A comparative study of efficacy and safety of gabapentin versus amitriptyline as coanalgesics in patients receiving opioid analgesics for neuropathic pain in malignancy

Manasi Banerjee1, Santanu Pal2, Biswamit Bhattacharya2, Balaram Ghosh1, Shirsendu Mondal1, Joydeep Basu2,  
1 Department of Pharmacology, Medical College, Kolkata, India
2 Department of Radiotherapy, Medical College, Kolkata, India

Correspondence Address:
Manasi Banerjee
Department of Pharmacology, Medical College, Kolkata
India

Abstract

Objective: To assess the efficacy and safety of gabapentin and amitriptyline along with opioids in patients suffering from neuropathic pain in malignancy. Materials and Methods: Eighty-eight adult patients between 18 and 70 years of age with neuropathic pain in stage III malignant disease, matched for baseline charactistics, were randomly assigned to two groups. Group A received oral tramadol and gabapentin and group B received oral tramadol and amitriptyline. The treatment duration of each patient was 6 months. Visual analog scale (VAS) was the primary efficacy parameter. Verbal rating scale (VRS) score, percentage of pain relief (PPR), and global pain score (GPS) were the secondary efficacy parameters. Oral morphine tablets or fentanyl transdermal patch were used as rescue medication. Data analysis was carried out in Graph Pad instat. Results: There was decline in VAS pain score from baseline in both the groups in the early phase of the study though there was no statistically detectable difference between them at any study point. Similar changes were seen in the secondary efficacy parameters too. Thus both the drugs were effective in providing relief to cancer patients with neuropathic pain though there was no statistically detectable difference in efficacy between them. Six patients in group A and eight patients in group B required rescue medication. A total of 12 subjects in the gabapentin group and 15 subjects in the amitriptyline group experienced adverse events which were of mild to moderate grades. Conclusions: Amitriptyline may be a suitable alternative for management of neuropathic pain in cancer patients although gabapentin is widely used for this purpose. The lower cost of amitriptyline may favor patient compliance with lesser number of drop-outs.



How to cite this article:
Banerjee M, Pal S, Bhattacharya B, Ghosh B, Mondal S, Basu J. A comparative study of efficacy and safety of gabapentin versus amitriptyline as coanalgesics in patients receiving opioid analgesics for neuropathic pain in malignancy.Indian J Pharmacol 2013;45:334-338


How to cite this URL:
Banerjee M, Pal S, Bhattacharya B, Ghosh B, Mondal S, Basu J. A comparative study of efficacy and safety of gabapentin versus amitriptyline as coanalgesics in patients receiving opioid analgesics for neuropathic pain in malignancy. Indian J Pharmacol [serial online] 2013 [cited 2021 Jun 13 ];45:334-338
Available from: https://www.ijp-online.com/text.asp?2013/45/4/334/115000


Full Text

 Introduction



Malignancy is almost always associated with pain of varying severity causing extreme suffering to the patient. The goal of treatment in cancer patients is to integrate palliative care with curative care regardless of prognosis. Relief from chronic pain is essential in order to improve the quality of life, including psychosocial and functional well-being.

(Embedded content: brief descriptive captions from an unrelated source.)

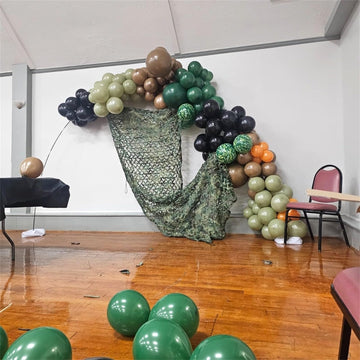HILAVO balloon bouquet assembly for jungle or hunter themes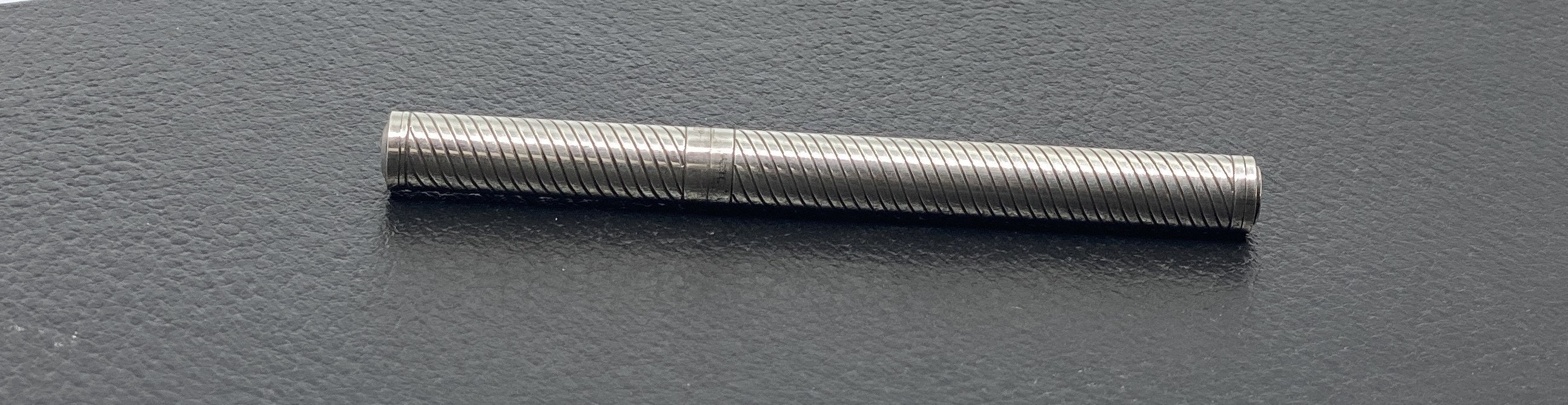 Section De Plume S.T. Dupont En Or Massif 18 Carats – Style Palladié, Plume Moyenne, Occasion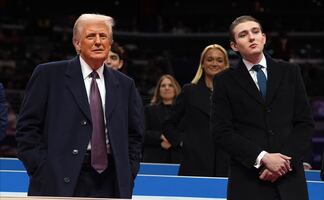 Donald Trump confiesa que no le gusta tomarse fotos con su hijo Barron. ¿Por qué?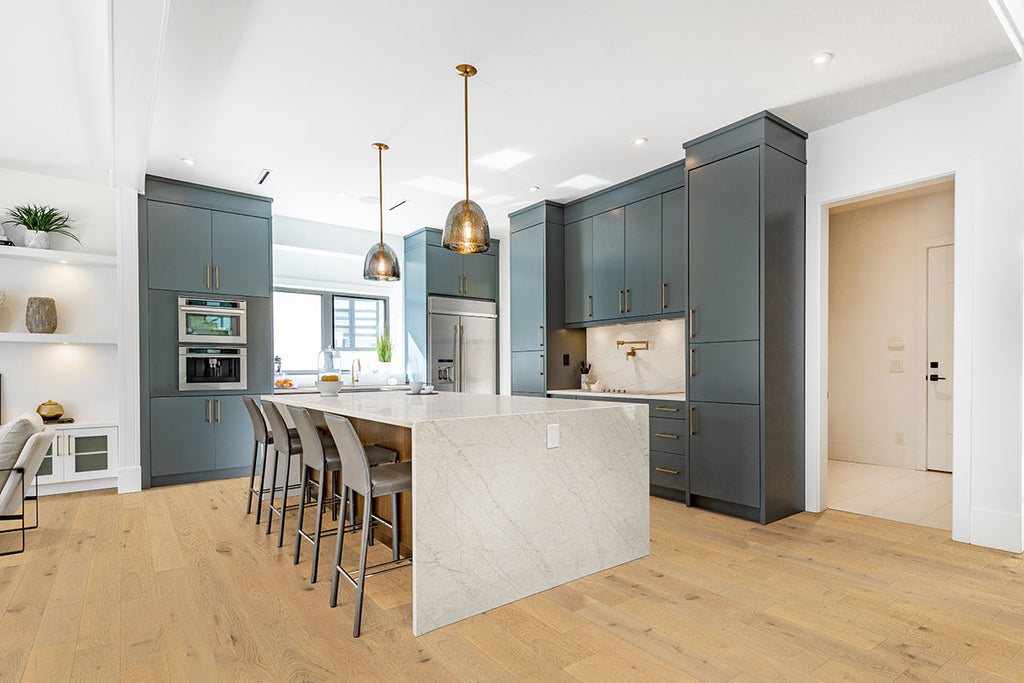 Ladson Bramlett Engineered Hardwood, room scene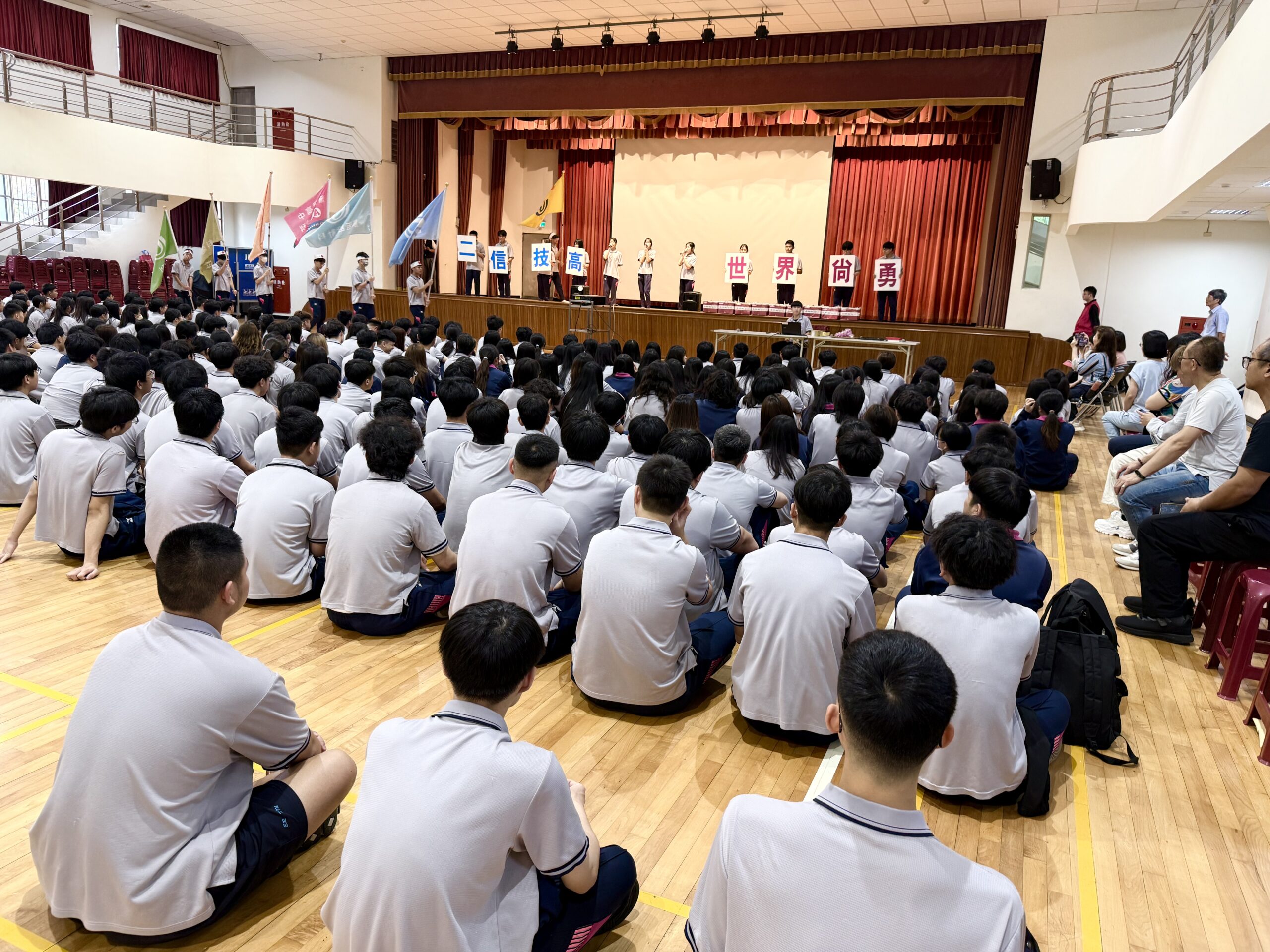 3898B0F2 F4DF 4370 9503 8B14579ACF76 scaled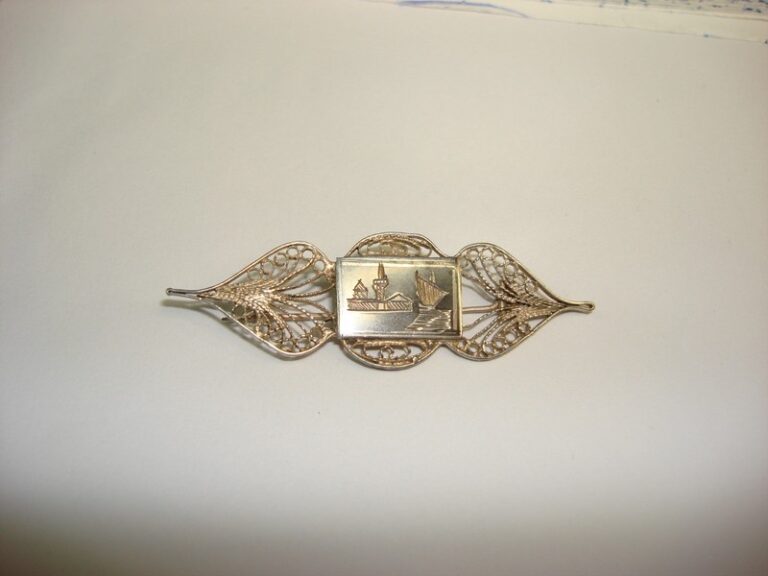 Vintage Egyptian niello silver filigree brooch with an intriguing scene design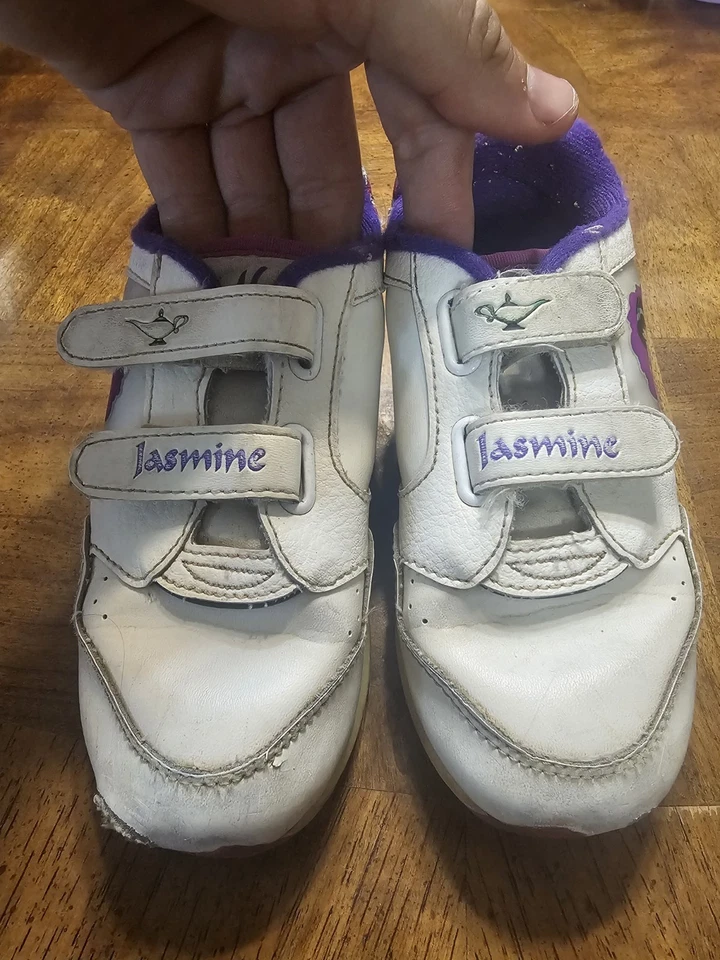 Zapatos de colección Disney Aladdin Jasmine niño pequeño talla 11 con caja usados como están ver fotos Foto 2 de 4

Pharmacological interventions follow the World Health Organization three-step approach involving nonopioid analgesics, mild opioids, and strong opioids with or without adjuvant. Adjuvant analgesics are nonopioids that potentiate the analgesic effect of opioids. They are especially important in management of neuropathic pain. Gabapentin, an anticonvulsant, and amitriptyline, an antidepressant, are both used as adjuvant analgesics in cancer patients. [1]

Gabapentin is now the first-line treatment for neuropathic pain. [2],[3] Amityrptiline also potentiates opioid analgesia in pain of malignancy. [4] There are studies involving use of these drugs as coanalgesics with opioids. [5]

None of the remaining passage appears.